== ASSIGNMENT ==
Find the word "Toyota" in the listing below, then return every line it appears in.

******

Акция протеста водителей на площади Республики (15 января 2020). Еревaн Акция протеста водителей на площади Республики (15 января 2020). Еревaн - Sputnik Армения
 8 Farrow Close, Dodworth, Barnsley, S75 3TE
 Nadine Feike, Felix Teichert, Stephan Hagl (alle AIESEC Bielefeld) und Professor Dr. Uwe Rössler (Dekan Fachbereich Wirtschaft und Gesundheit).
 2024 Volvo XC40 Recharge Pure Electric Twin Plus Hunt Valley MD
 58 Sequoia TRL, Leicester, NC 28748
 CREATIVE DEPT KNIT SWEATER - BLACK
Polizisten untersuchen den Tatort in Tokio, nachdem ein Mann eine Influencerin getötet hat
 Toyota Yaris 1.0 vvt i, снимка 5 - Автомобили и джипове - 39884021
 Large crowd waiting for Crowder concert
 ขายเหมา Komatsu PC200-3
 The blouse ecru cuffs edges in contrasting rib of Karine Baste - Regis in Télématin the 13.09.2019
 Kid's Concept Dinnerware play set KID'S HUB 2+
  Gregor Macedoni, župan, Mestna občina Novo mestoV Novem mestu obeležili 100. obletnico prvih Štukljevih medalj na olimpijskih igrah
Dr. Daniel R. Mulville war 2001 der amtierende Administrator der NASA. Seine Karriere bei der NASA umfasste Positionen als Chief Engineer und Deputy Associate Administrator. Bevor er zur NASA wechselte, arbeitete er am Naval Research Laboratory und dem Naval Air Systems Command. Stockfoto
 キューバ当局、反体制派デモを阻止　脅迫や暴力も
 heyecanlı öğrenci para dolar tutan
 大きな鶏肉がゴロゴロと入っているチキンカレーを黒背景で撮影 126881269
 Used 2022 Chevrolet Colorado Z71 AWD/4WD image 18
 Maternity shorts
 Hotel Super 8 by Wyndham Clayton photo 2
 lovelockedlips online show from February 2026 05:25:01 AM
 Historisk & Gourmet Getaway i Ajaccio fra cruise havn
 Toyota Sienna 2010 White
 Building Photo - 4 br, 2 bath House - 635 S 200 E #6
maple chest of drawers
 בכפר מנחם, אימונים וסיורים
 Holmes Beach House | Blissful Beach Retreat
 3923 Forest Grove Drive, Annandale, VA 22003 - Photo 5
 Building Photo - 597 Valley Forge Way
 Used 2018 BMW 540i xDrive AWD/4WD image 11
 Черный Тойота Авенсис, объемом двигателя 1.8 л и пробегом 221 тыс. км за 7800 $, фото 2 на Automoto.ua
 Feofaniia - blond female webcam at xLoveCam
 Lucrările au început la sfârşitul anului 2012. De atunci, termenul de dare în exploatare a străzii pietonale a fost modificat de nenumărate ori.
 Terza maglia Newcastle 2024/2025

******

== ANSWER TO THIS TASK ==
 Toyota Yaris 1.0 vvt i, снимка 5 - Автомобили и джипове - 39884021
 Toyota Sienna 2010 White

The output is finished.